Un recente studio svizzero pubblicato su Current Biology ha rivelato importanti dettagli su cosa accade al cervello durante il sonno Rem, una fase del sonno in cui il cervello sembra disconnettersi dal mondo esterno mentre continua ad elaborare segnali provenienti dal corpo.

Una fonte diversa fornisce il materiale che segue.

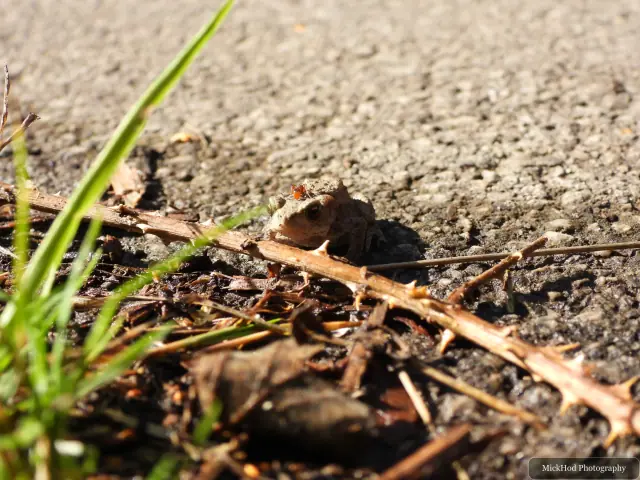 A common toad rests among the stones and fallen stems, with a small insect perched on its head.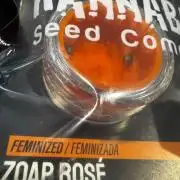 Zoap Rose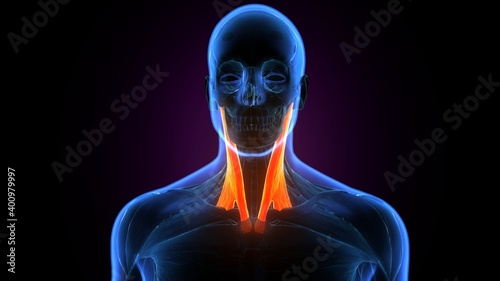 3d illustration of human neck muscle anatomy 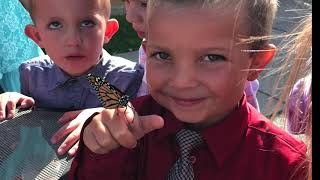 Belfast Kindergarten Graduation 2019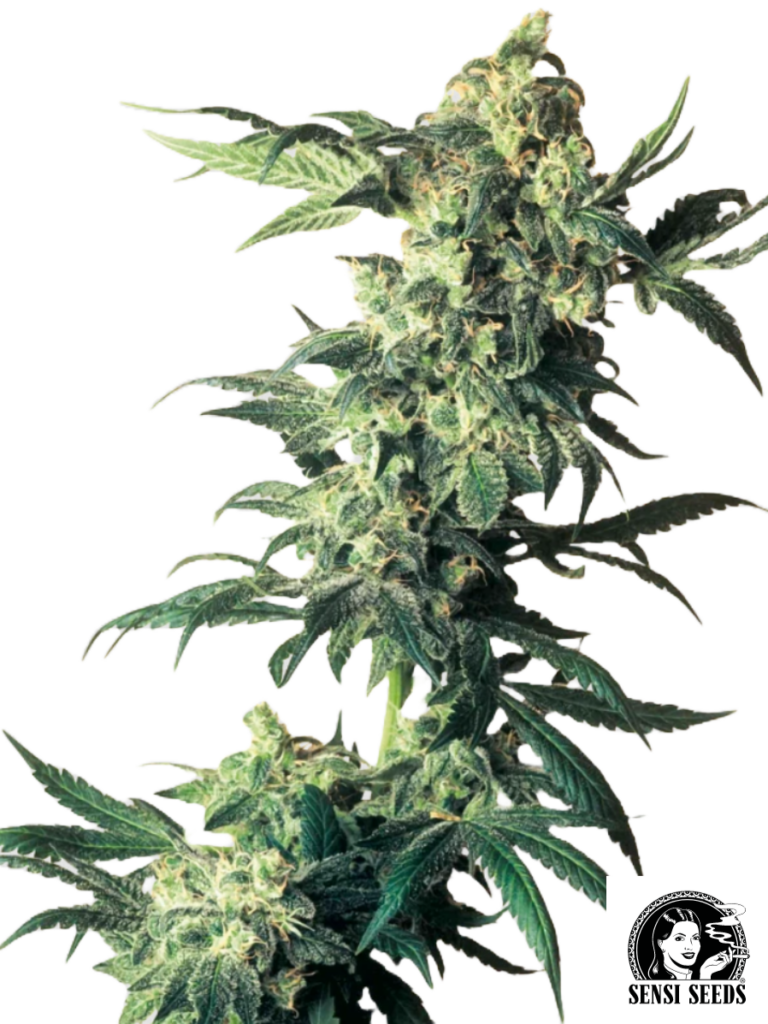 Northern Lights - Sensi Seeds Produktbild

Il team di ricerca, guidato da Marzia De Lucia del Dipartimento di Neuroscienze cliniche dell’ospedale universitario Chuv e della Facoltà di Biologia e Medicina dell’università di Losanna, ha collaborato con Sophie Schwartz dell’università di Ginevra. Gli scienziati hanno studiato come il cervello riorganizza l’elaborazione delle informazioni sensoriali durante il passaggio dalla veglia al sonno Rem, suggerendo che questo processo potrebbe spiegare perché alcune persone riescono a dormire profondamente anche in presenza di rumori esterni.
Il sonno Rem e la sua importanza
Durante il sonno Rem, i segnali esterni diminuiscono mentre quelli interni, come i battiti cardiaci, vengono amplificati. Questo suggerisce che il cervello non si scollega completamente dal mondo, ma piuttosto regola la sua attenzione. Jacinthe Cataldi, coautrice dello studio, ha sottolineato che, nonostante l’attività neurale durante il sonno Rem presenti analogie con quella della veglia, c’è una significativa disconnessione dal mondo esterno, rendendo più difficile l’accesso a stimoli esterni.
Il sonno Rem non è uniforme, ma si alterna tra due fasi: Rem tonico e Rem fasico. Durante la fase Rem fasica, si verificano movimenti oculari rapidi e variazioni nei ritmi cardiaci e respiratori. Gli scienziati hanno utilizzato un elettroencefalogramma (Eeg) per registrare l’attività neurale di 25 volontari durante due notti di sonno, confrontando la risposta neurale agli stimoli esterni con quella degli input interni.
Le scoperte della ricerca
La ricerca ha mostrato che man mano che la risposta neurale ai suoni esterni si indebolisce, l’elaborazione dei segnali cardiaci aumenta. De Lucia ha spiegato che non si tratta di una soppressione globale degli stimoli, ma di un cambiamento nell’attenzione del cervello verso l’interno. Gli scienziati hanno sviluppato un indice, chiamato audio-cardio index, che misura la preferenza del cervello per i segnali esterni rispetto a quelli interni. Questo indice potrebbe essere utile per identificare stati alterati di coscienza, come il coma o stati di minima coscienza, aprendo nuove strade per la ricerca in neurologia.